It’s election time in the good old U. S. and A. Nothing particularly interesting is going on in my little piece of the world. There are only about 5 races that I really had to think about who I was going to vote for. The rest were either running unopposed or there was a Libertarian candidate on the ballot. I would never vote party line for either of the prevailing parties, but since there’s really no chance that any of the Libertarians will win, I cast my lot with them to make a point about how I feel about the current power structure.

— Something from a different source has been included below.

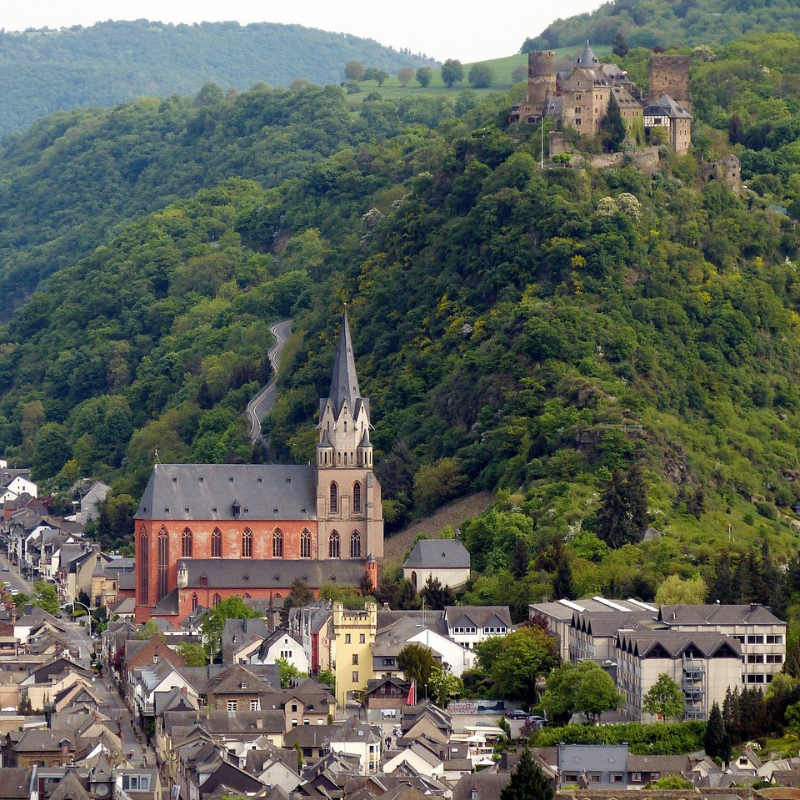Active Travel Language Sejour Linguistique Angleterre Oberwesel 4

On of the things I hate about politics is the negative campaign ads. The problem I have isn’t that they are negative, but that they are fundamentally flawed logically. Last night I happened to be watching live TV for a change, when the 11 O’clock news came on. (O.k. I wasn’t exactly watching TV at all, I was editing photos and Laura fell asleep on the couch with the Tivo remote.) Anyway, every commercial between segments of news was a campaign ad. I noticed that none of the commercials told you anything about the platform of the candidate who sponsored the ad. Instead the provided a laundry list of reasons why you shouldn’t vote for the other guy. I don’t have a particular problem with this, if the things they’re saying are true, but hearing reasons not to vote for candidate X does not automatically mean I should vote for candidate Y. I could vote for candidate Z, or if I think the good that candidate X does outweighs the negative, then I could still vote for him (or her). Campaigns bank on this false dichotomy, and far too often it works.
I think it would be interesting to see what elections would be like if candidates weren’t allowed to talk about their opponents in campaign ads. Instead of telling me all the reasons why I shouldn’t vote for the other guy, you would only be able to tell me the reasons why I should vote for you. Candidates could do this voluntarily if they wanted, but I’m not going to hold my breath.